Tire sales can boost revenue and customer loyalty at dealerships that employ the right tools to make the buying process painless, industry executives say.
A new-vehicle shopper who also buys a second set of tires and stores them with the dealer becomes a repeat customer, said John Hairabedian, CEO of the Quebec-based dealership group HGregoire.
“Even if we have to sell [tires] for almost no margin, doing it will guarantee us the customer’s going to come back in the future.”
As an incentive to cement the relationship, his dealerships offer customers free tire storage for the first year. HGregoire does this “to ensure that they get to experience our service departments. We will not be aggressively marketing tires like independent tire [stores do] because for us, the best place to sell it is definitely at the time of sale.”
Andy Dalrymple, founder and president of the online tire quoting tool QQuote, said that while 69 per cent of Ontario drivers purchase winter tires, only nine per cent buy them from auto dealers.
“If you take a 1,000-car dealer only capitalizing on nine per cent [of sales adding on tires], that gap works out to be $2 million in profit between the tires, the wheels, the sensors [and the] brake changes,” Dalrymple told attendees at the Trillium Automobile Dealers Association’s online Auto Dealers Innovation Series conference in September.
ANOTHER TOOL: STAFF
Although online tools are an important consideration, Dalrymple said the most fruitful opportunity comes from providing tools and training to frontline staff who account for an average of 87 per cent of tire sales at dealerships. Rolling a tire package into a new vehicle’s monthly payment up front is often an easier pill for a customer to swallow than a lump-sum cost the following November.
A knowledgeable salesperson with an effective quoting tool close at hand should be able to give a customer a price in seconds without having to call the parts desk, Dalrymple said.
“You have the best opportunity, better than any tire shop out there, to sell that [winter tire] package [with the new vehicle] and start that recurring revenue stream,” Dalrymple said. “It could be $15 or $25 a payment depending on the terms, but breaking down the pricing of it will help the customer visualize and avoid that massive bill.”
Some tire storage tracking software records potential problems such as low tread depth or bulging, he said. That presents an opportunity to offer customers replacement tires ahead of the busy season.
“Really look at this data,” Dalrymple said. “You have a bunch of customers in storage with problems. They’re going to expect just a regular switchover,and then you’re going to try to sell them tires and they’re not going to be happy. ... Reach out and show them a picture, and then get them to say, ‘Yeah, fix this.’ Your guys can fix it in the off-season when they’re not as busy and have it ready to go.”
GOOGLE ‘TIRES NEAR ME’
A website that ignores tire sales and doesn’t come up in Google search results is another lost opportunity, said Owen Moon, CEO of the online marketing agency Fixed Ops Digital.
“If you go right now and type in ‘tires near me’ [into Google], in your local market you’re going to probably see that not one franchise dealer actually shows up. It’s a huge problem.”
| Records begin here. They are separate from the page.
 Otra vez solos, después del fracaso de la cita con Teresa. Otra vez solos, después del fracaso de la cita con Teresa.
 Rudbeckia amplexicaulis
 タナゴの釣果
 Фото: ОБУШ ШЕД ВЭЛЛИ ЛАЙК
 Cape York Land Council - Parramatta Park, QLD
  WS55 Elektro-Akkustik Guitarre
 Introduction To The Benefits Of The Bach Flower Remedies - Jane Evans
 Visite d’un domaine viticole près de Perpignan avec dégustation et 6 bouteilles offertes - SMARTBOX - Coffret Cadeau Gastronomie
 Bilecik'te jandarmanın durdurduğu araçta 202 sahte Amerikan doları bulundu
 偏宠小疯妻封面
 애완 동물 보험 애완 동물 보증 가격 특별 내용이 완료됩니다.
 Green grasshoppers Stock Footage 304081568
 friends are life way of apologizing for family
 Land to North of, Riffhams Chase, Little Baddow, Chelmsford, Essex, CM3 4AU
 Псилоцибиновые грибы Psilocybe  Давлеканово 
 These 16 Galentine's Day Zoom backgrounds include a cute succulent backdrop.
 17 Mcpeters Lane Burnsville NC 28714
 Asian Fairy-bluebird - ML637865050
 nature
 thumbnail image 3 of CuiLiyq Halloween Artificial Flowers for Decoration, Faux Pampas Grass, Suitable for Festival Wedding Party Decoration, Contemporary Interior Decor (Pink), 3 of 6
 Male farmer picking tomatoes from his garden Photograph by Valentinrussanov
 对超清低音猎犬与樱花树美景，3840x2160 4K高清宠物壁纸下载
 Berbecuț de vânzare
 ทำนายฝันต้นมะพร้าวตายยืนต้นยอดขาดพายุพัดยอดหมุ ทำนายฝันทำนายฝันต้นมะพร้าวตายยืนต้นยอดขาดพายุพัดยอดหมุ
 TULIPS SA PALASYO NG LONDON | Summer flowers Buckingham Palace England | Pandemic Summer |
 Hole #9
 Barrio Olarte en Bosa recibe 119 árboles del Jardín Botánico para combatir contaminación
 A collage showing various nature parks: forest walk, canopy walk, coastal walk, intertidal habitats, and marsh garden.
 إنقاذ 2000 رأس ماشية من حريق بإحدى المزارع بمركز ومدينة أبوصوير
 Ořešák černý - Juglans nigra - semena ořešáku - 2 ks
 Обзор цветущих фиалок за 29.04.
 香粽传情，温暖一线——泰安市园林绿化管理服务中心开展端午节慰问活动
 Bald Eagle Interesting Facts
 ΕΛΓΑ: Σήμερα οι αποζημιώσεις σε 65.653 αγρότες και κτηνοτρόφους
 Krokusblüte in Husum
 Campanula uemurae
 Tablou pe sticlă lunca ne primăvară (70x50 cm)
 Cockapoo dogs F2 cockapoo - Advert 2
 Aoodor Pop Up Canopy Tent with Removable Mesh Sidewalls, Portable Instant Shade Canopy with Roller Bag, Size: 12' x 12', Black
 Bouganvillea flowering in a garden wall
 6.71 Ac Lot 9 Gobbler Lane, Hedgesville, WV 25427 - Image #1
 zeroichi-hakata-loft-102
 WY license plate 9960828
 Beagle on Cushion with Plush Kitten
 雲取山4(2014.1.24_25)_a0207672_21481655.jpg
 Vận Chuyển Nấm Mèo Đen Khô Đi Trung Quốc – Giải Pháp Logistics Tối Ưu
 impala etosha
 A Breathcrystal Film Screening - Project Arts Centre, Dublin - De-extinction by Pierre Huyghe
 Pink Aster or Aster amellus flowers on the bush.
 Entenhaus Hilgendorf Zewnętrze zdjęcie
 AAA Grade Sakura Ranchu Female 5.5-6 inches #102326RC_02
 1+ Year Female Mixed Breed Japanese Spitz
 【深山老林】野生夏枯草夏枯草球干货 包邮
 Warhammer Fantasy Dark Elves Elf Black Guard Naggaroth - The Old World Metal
Google ranks search results based on content that is unique, useful and compelling, Moon said. To achieve this, dealers should build out service-department pages with detailed descriptions, video integration and clear pricing.
Dalrymple suggested creating a separate tire-centre page that sends a customer to a quoting tool within three clicks. This tool should produce an accurate and pared down list of choices that excludes discontinued or specialty products such as studded tires. The tool also should be easy to digest, for example, offering a good-better-best choice scenario.
“It’s a famous business case where if you present to a customer three jars of jams, it’s easier for them to make a decision than if you have an entire wall,” Dalrymple said, citing sales data analysis showing that customers most often choose the tire presented as the best choice.
“This is a grudge purchase for many people. They don’t do research. ...They’re just going to pick what they think is the best.”